# HMV boxed set 19th century masterpieces



## Mr Dull (Mar 14, 2009)

I have the 20th century masterpieces boxed set and like it so when I saw this set and looked at the track listing http://www.emiclassics.co.uk/release.php?id=5099969831720 which seemed an interesting mix I decided to get it.

This is not just a set of CDs with a selection of pieces someone decided are master works but a themed set. The CDs are in chronological order which allows you to follow the changes from the classical style to the romantic. Nationalism also appears during the century. You also get the first hints new styles appearing at the end of the century.
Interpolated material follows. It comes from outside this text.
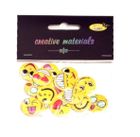 Galeria Hobby, guziki ozdobne, Emoji, 20 mm, 15 szt.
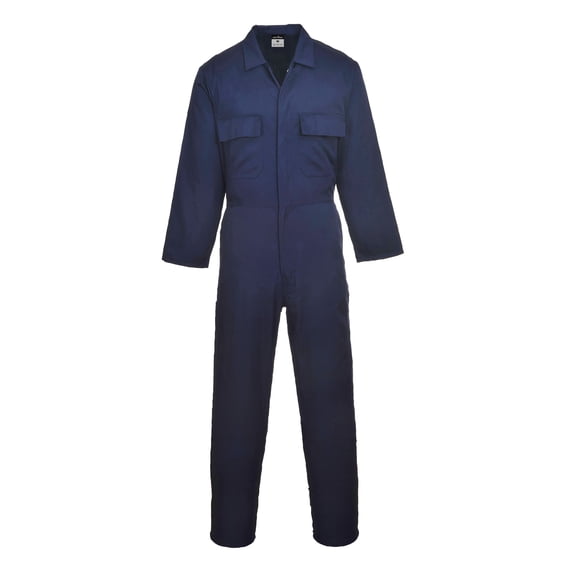 Portwest S999 Men's Work Coveralls - Protective Polycotton Overalls Durable Workwear Boiler Suit for Mechanics Warehouse Garages DIY Navy Tall, XX-Large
The set also has a theme based upon the rise of the virtuoso player. You can find some topics covered by individual discs others threaded through the set or both. The set also often has deliberate contrasts in the music on the disks. For instance CD 8 which has music by Berwald, Chopin and Schumann finishes with the Radetzky march. CD 10 has Liszt's Mephisto waltz followed by four pieces by Gottschalk. In both cases music by virtuoso pianists but it would difficult to find a bigger contrast in the styles. All of this makes for an interesting listening experience.

The set does have its faults however. It has excerpts rather than whole pieces in some cases. This is partly due to the inclusion of opera but some instrumental pieces are also extracts. In the case of operas the overture (which this set has several) plus an illustrative song/aria or two would have been better rather than part of an act. Another puzzle is why a symphony by a minor composer is included in a set of masterpieces. The symphony by Arriaga is included and after listening to it a couple of times it doesn't seem anything other than average to me. I would much rather they had included Widors organ symphony No5 of Sibelius Lemminkainen suite in full instead.

Despite its faults this is a good set to have and has been a good reintroduction to the romantic period for me. Thanks to this set I have 'found' Sphor's double quartet in D minor and Gottschalk. I have also heard some Wolf lieder that makes me want to listen to them again. It has also extended my knowledge and appreciation of Berwalds music. For some one who is not a fan of the romantic period it has been a surprisingly enjoyable experience.


----------